One of the great things about The Morning Show is how the story sometimes feels as though it's getting bogged down only for you to realise that it's actually whizzed ahead of you and  is waiting for you to catch up. This second episode felt like there was too much time but not enough detail spent on the idea that Alex (Jennifer Aniston) has been deep-faked and not enough time on Bradley (Reese Witherspoon) and Chip (Mark Duplass) looking as though they're going to work together again.

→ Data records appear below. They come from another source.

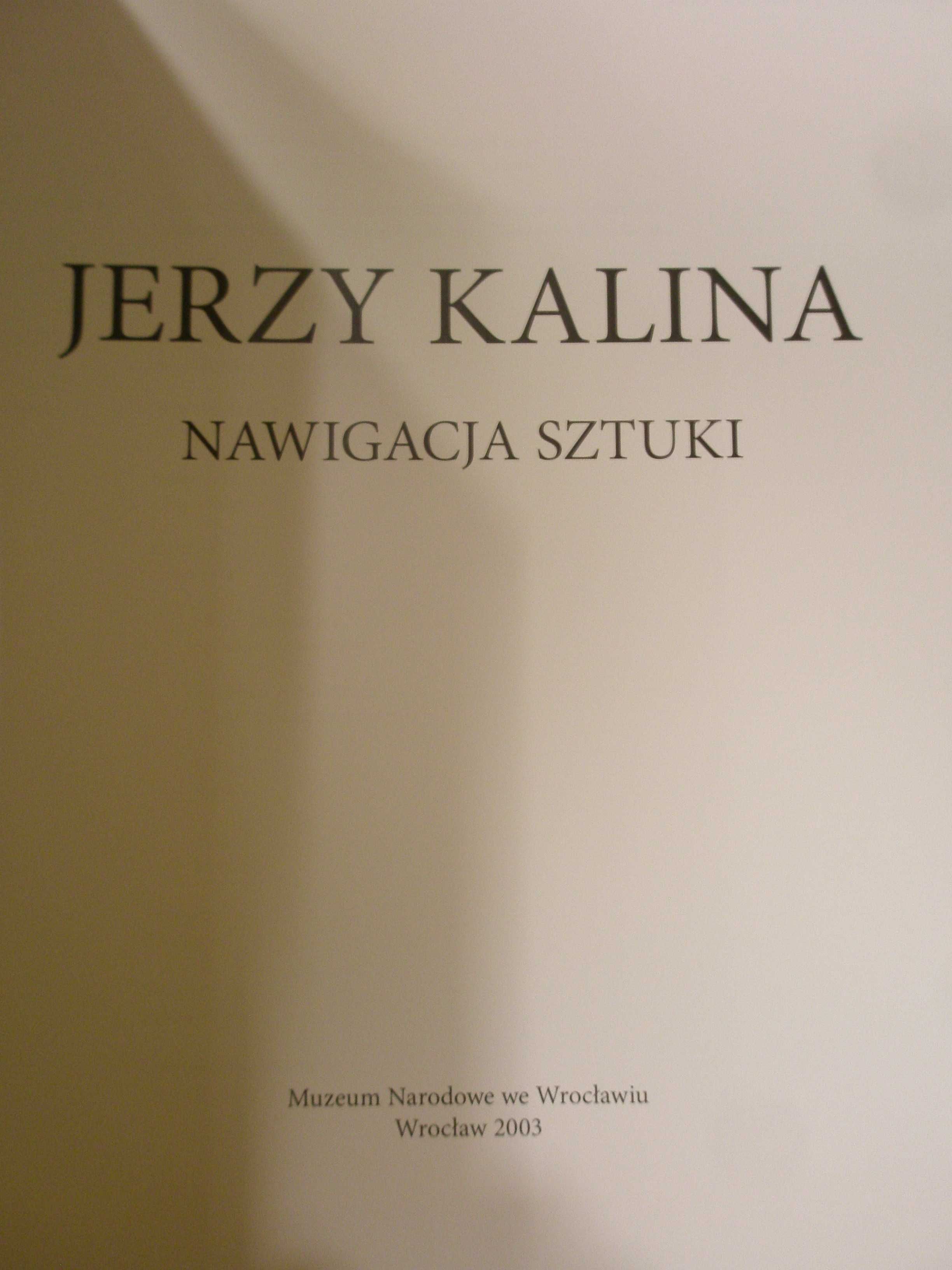 Jerzy Kalina Nawigacja Sztuki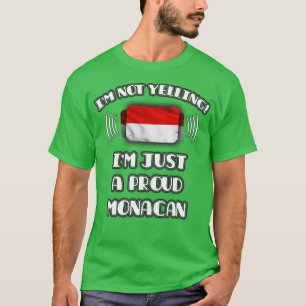 Camiseta No estoy gritándome un regalo orgulloso de Monacán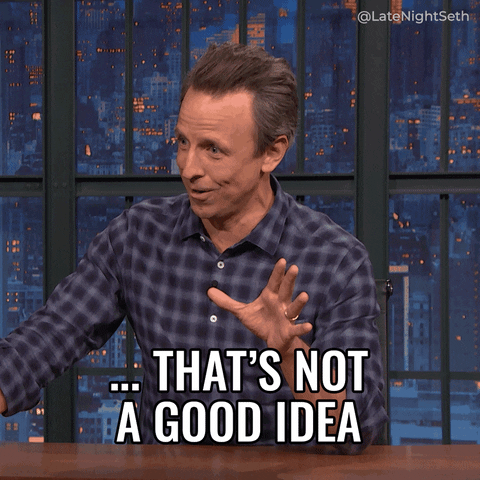Oh No Bad Idea GIF by Late Night with Seth Meyers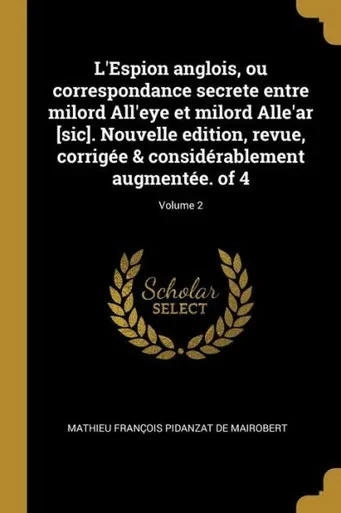 L'Espion Anglois, Ou Correspondance Secrete Entre Milord All'Eye Et Milord Alle'Ar [Sic]. Nouvelle Edition, Revue, Corrigée & Considérablement Augmentée. Of 4; Volume 2 (French Edition)
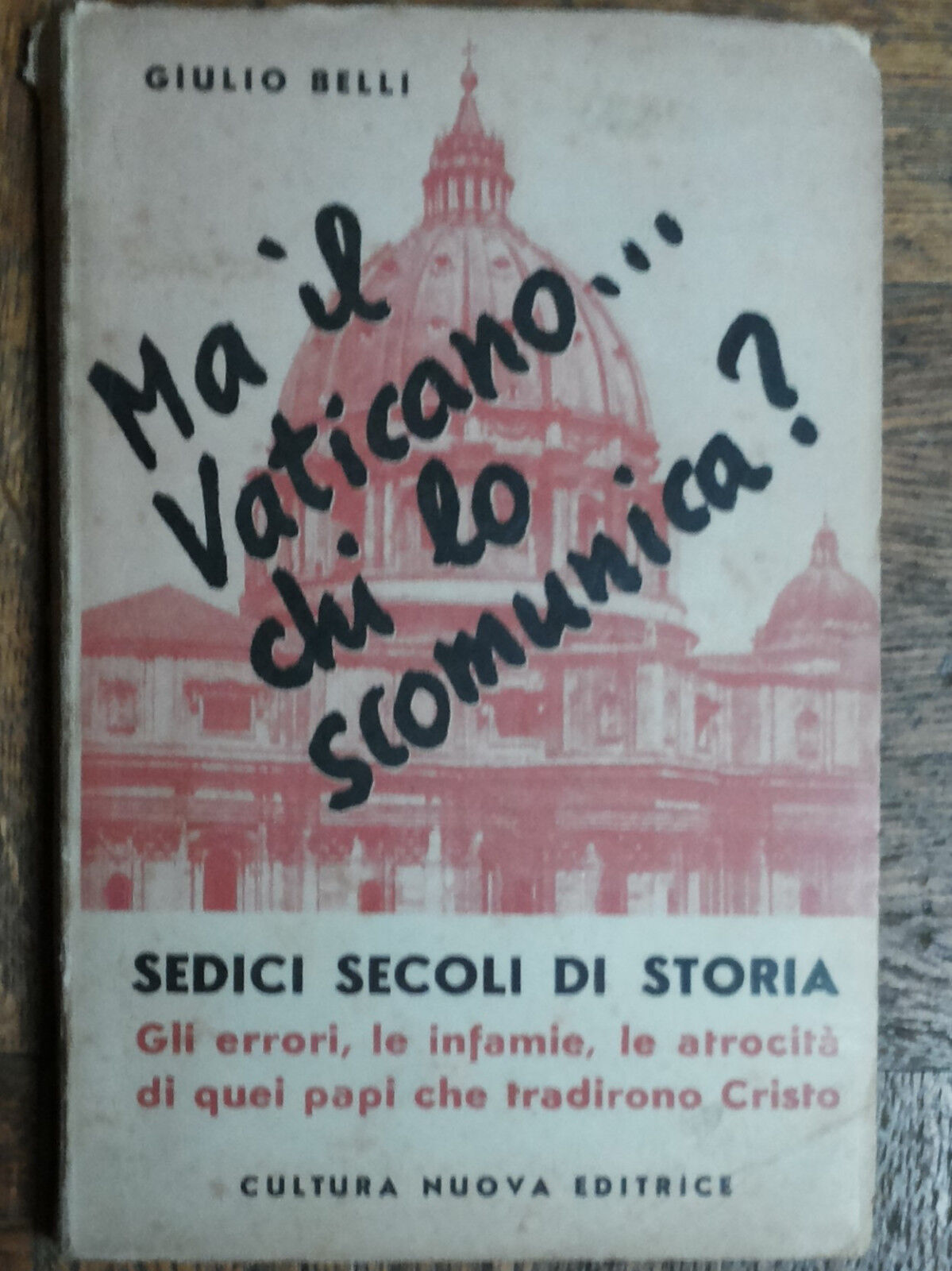 Ma il Vaticano... chi lo scomunica? - Belli - Cultura Nuova,1949 - R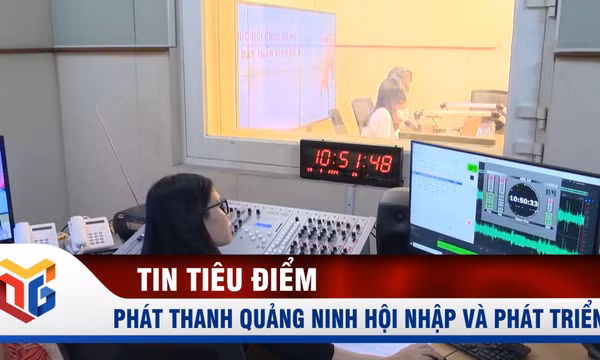 Phát thanh Quảng Ninh hội nhập và phát triển
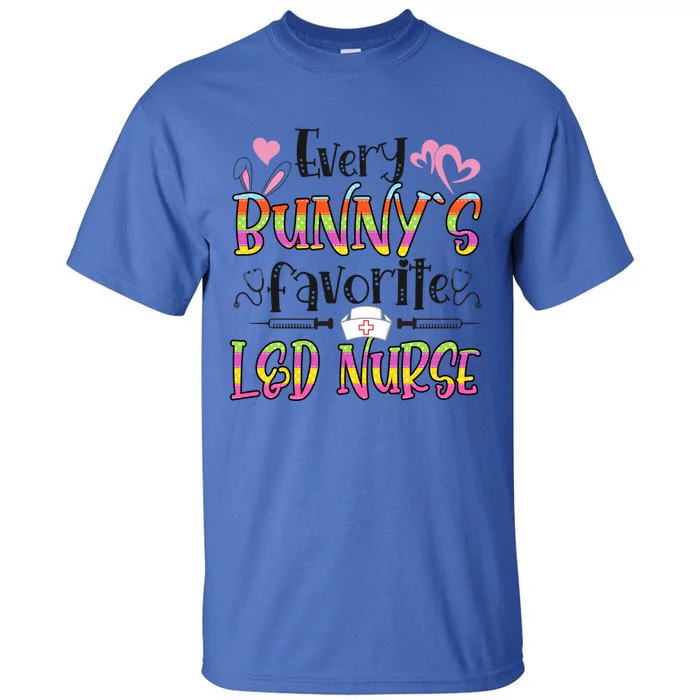 L And D Nurse Bunny's Favorite Nurse Easter Day Gift Tall T-Shirt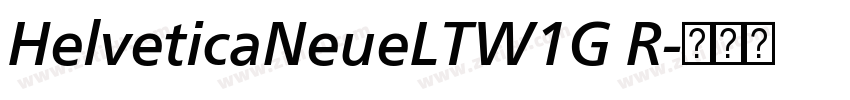 HelveticaNeueLTW1G R字体转换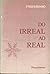 Do Irreal ao Real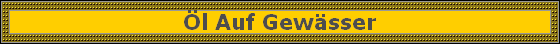 �l auf Gew�sser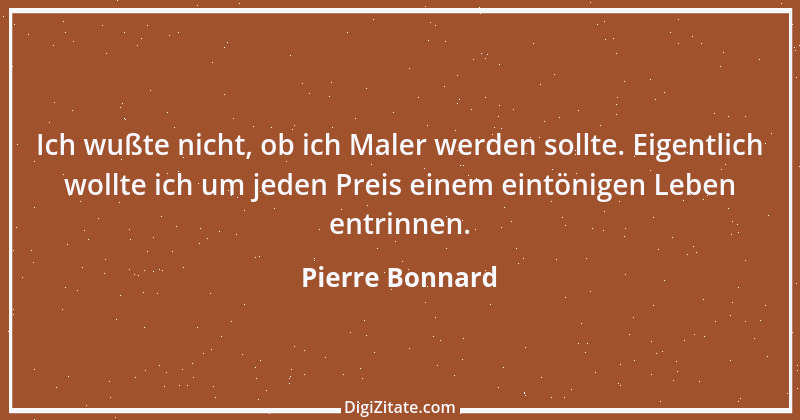 Zitat von Pierre Bonnard 2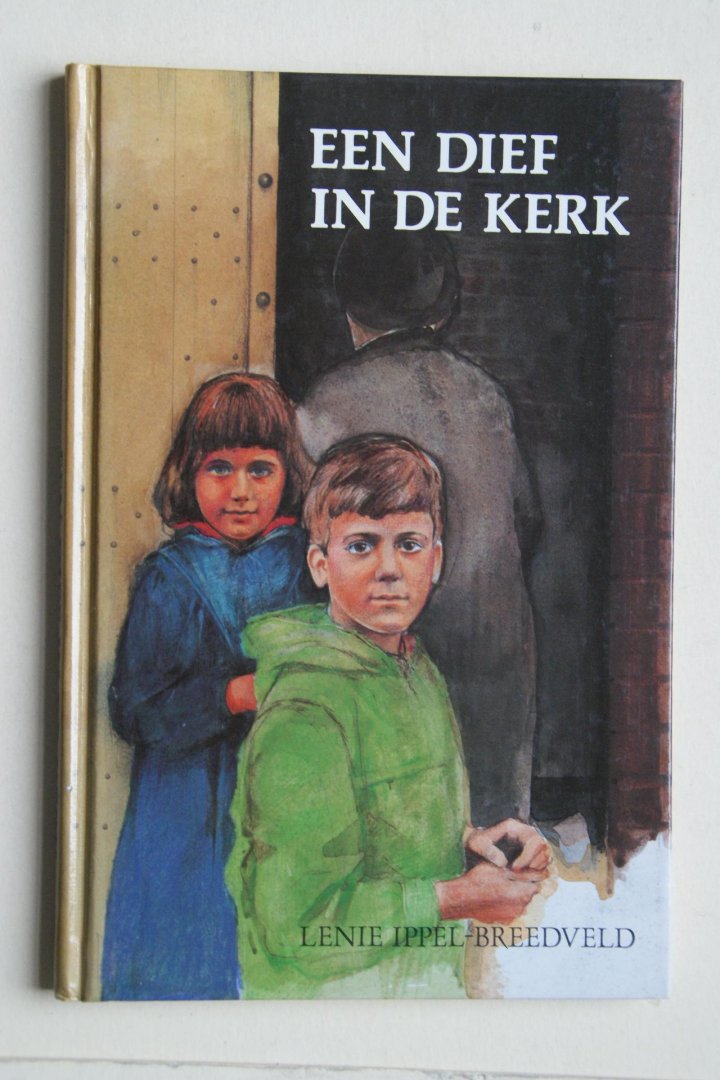 Ippel-Breedveld, Lenie - 2 boeken samen: EEN DIEF IN DE KERK   &   WIM EN KIM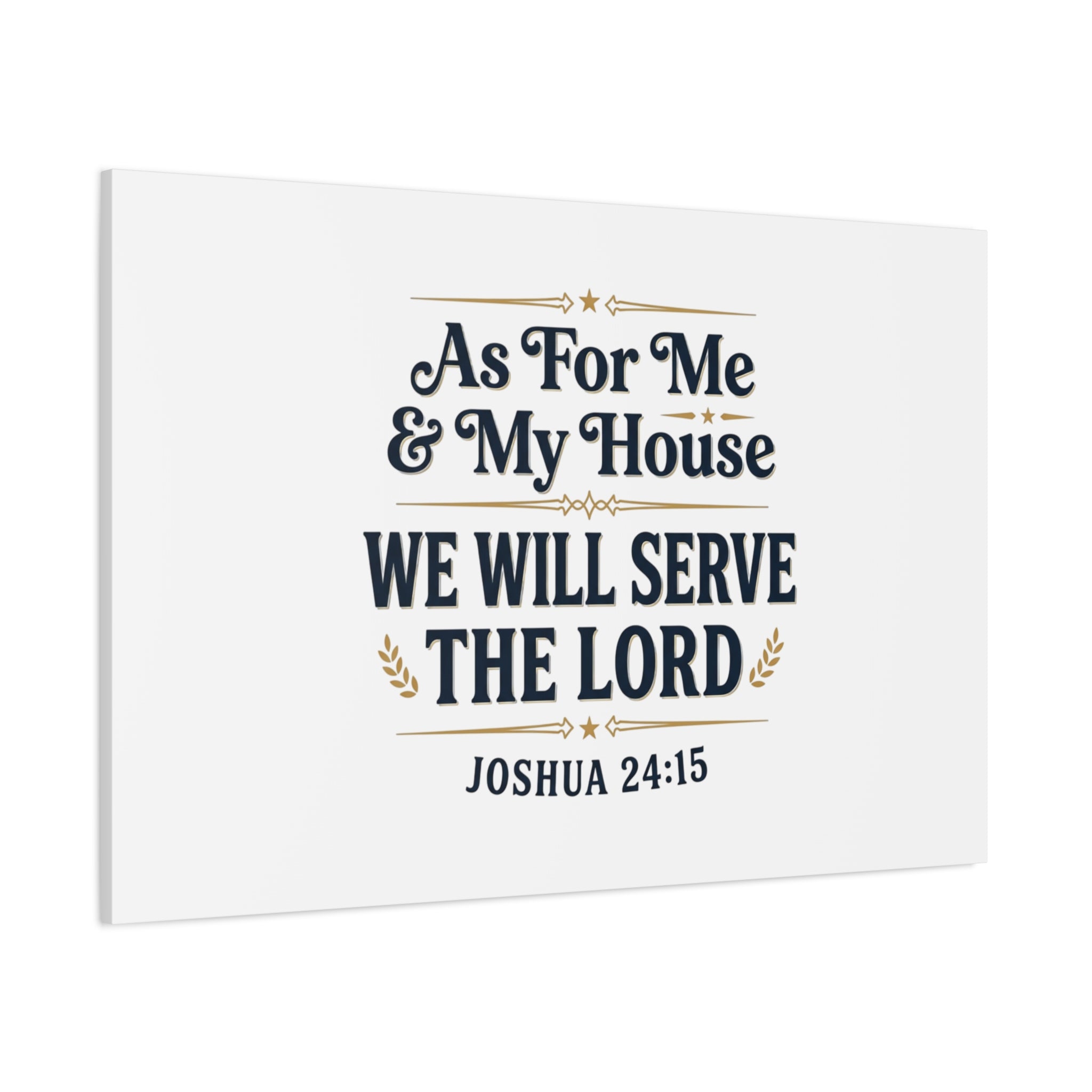 Canvas Wall Art – “As For Me & My House We Will Serve the Lord” (Joshua 24:15)
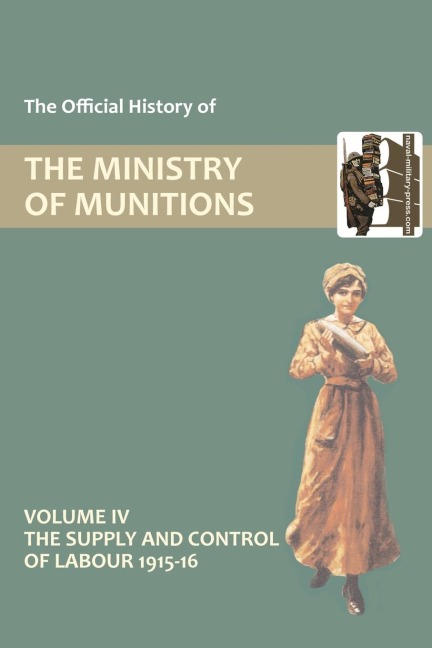 OFFICIAL HISTORY OF THE MINISTRY OF MUNITIONS VOLUME IV: The Supply and Control of Labour 1915-1916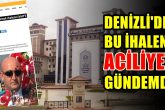 Denizlili İş İnsanına Verilen Bu ihale, Yapılış Şekli Nedeniyle Ulusal Medyanın Diline Düştü…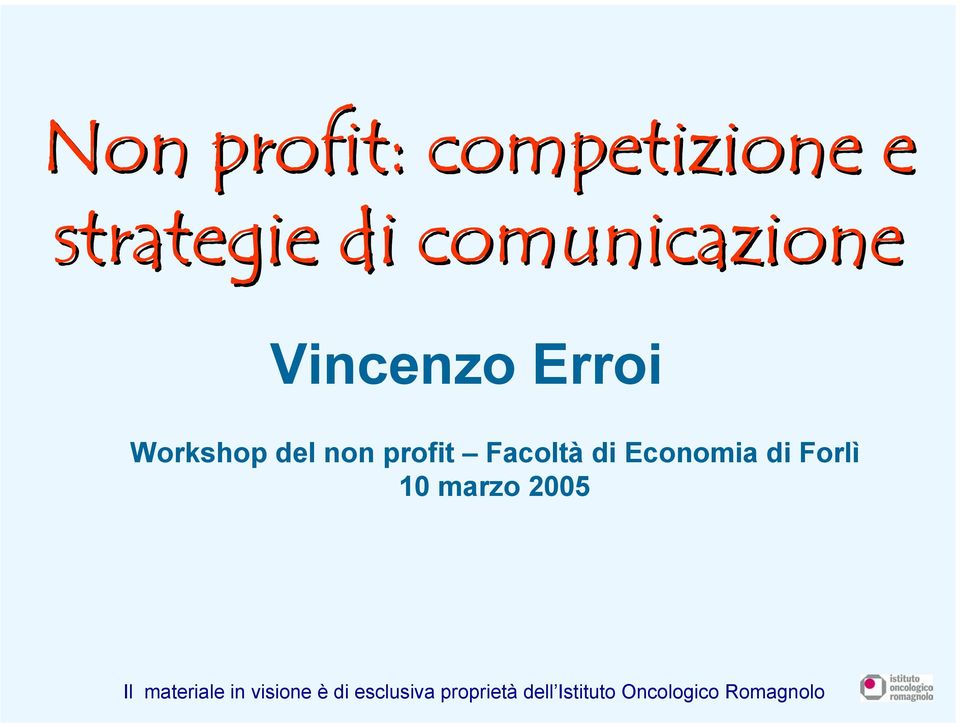 Economia di Forlì 10 marzo 2005 Il materiale in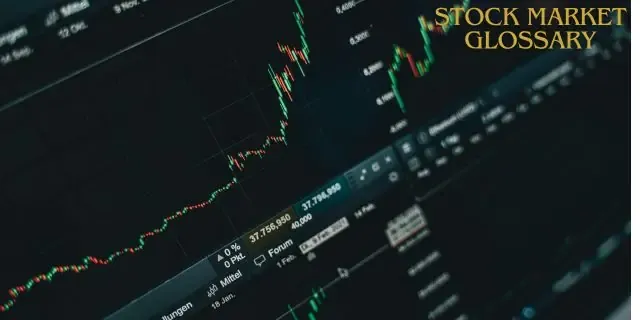 Stock Market Glossary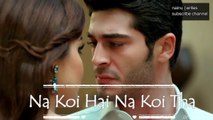 Na_Koi_Hai_Na_Koi_Tha_Whatsapp_Status_Video_Tum_Dena_Saath_Mera_Whatsapp_Sta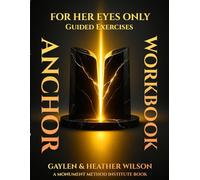 Anchor - For Her Eyes Only Workbook: Guided Exercises (The Monument Method ED Recovery Trilogy)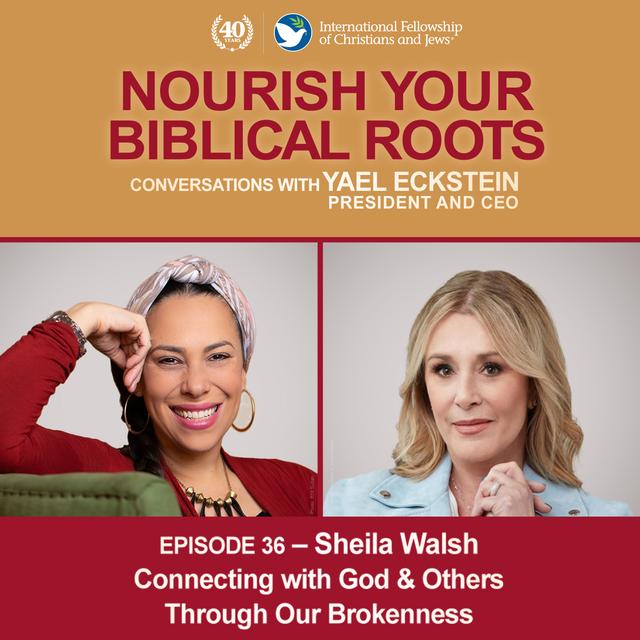 Conversations with Yael: Sheila Walsh -- Connecting with God and Others Through Our Brokenness - podcast episode cover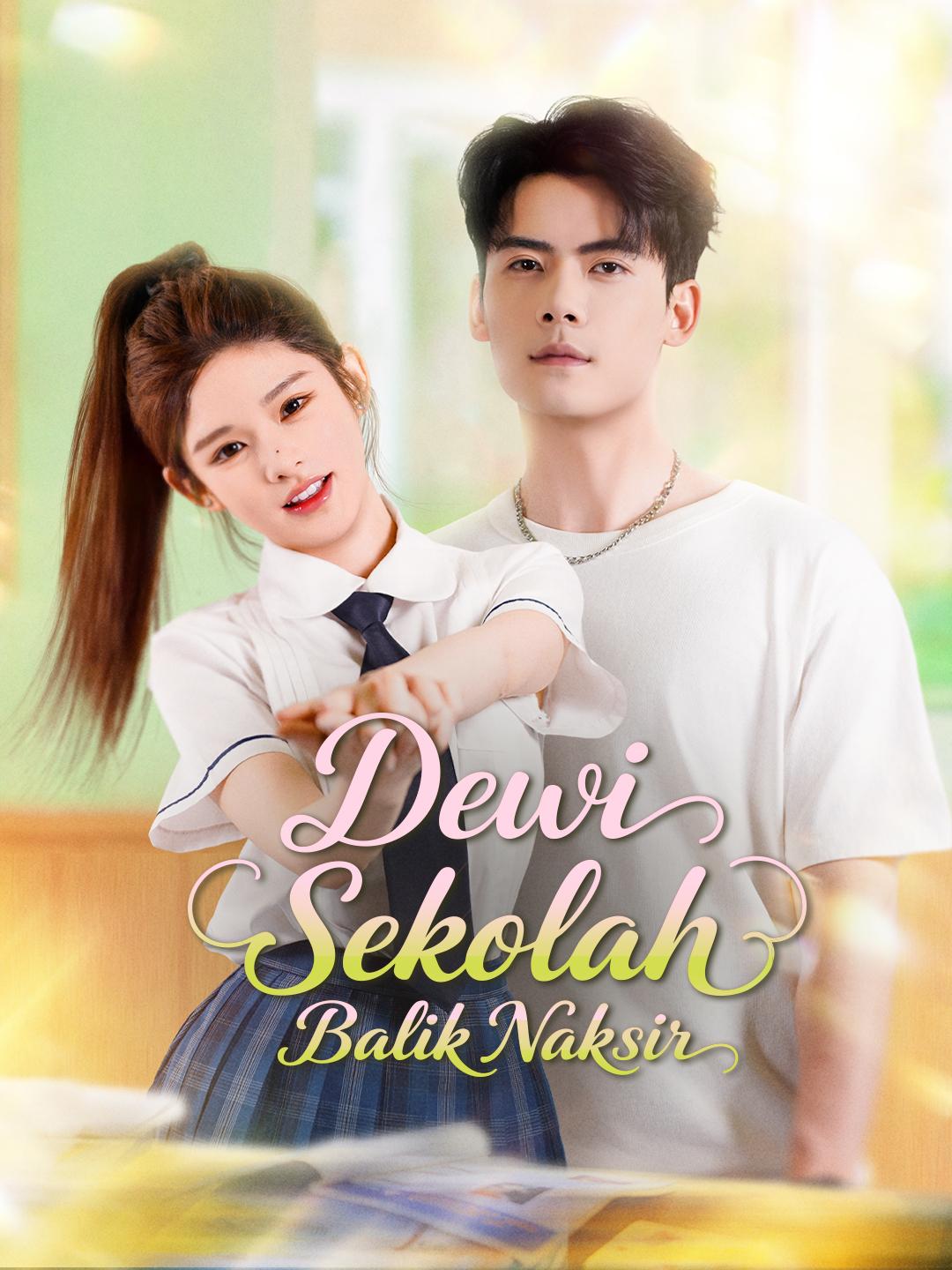 Dewi Sekolah Balik Naksir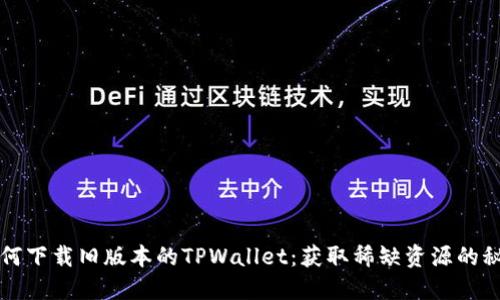 如何下载旧版本的TPWallet：获取稀缺资源的秘笈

It felt a little like an old episode with so many of the original cast being involved in things that will ultimately tie everything together, but again it's Billy Crudup's Cory Ellison who gleefully wipes the floor with the other actors as you realise that his smile is there for a reason. It's a great show and while some issues seem to have been conveniently forgotten about, I'm okay with that.

Like a 60s Superman Comic

We're halfway through the second season of Gen V already - woo! Did you know that probably between 1956 and 1969 you could pick up just about every issue of Action Comics or Superman and you probably wouldn't have found much different. Whatever happened in the previous issue was forgotten about so Superman could save Metropolis from this month's threat. This is how this season of Gen V has felt, contrivances like what has happened before can be forgotten about on the conveyor belt of popularity that is this show's underbelly. It really is a massively poorly scripted heap of a mess.

Just because Hamish Linklater appears to be something of a god and has his own agenda - which I'm sure we'll discover what it is and how he's got to the position where he is to be able to enact it - doesn't make this good. He makes a great psychopath/scientist/tortured soul, but he's simply not carrying this patchwork quilt of disgusting ideas and lacklustre plotting. It feels like it was written by a 12-year-old at times and the superpowered pubes was this week's WTF. It simply doesn't feel like a TV drama any longer, but like a puerile comic that has been adapted, dialogue and all.

LA Lives

The search for films made between the mid-1990s and the late 2000s continues - a period when we would have rented films from the video shop so there would have been loads of films we never watched because I didn't want to spend money on them. I remember when Paul Haggis's Crash came out, it was a snap shot film, following the lives of a group of people as they go about their daily lives but end up becoming entwined by circumstances - a kind of six degrees of connection. A racist cop, a black producer and his abused wife, two criminals, a rich woman and other disparate folk who cross each others paths one weekend in LA. It is also the film that has two James Rhodes - War Machine - in it; Don Cheadle and Terrance Howard.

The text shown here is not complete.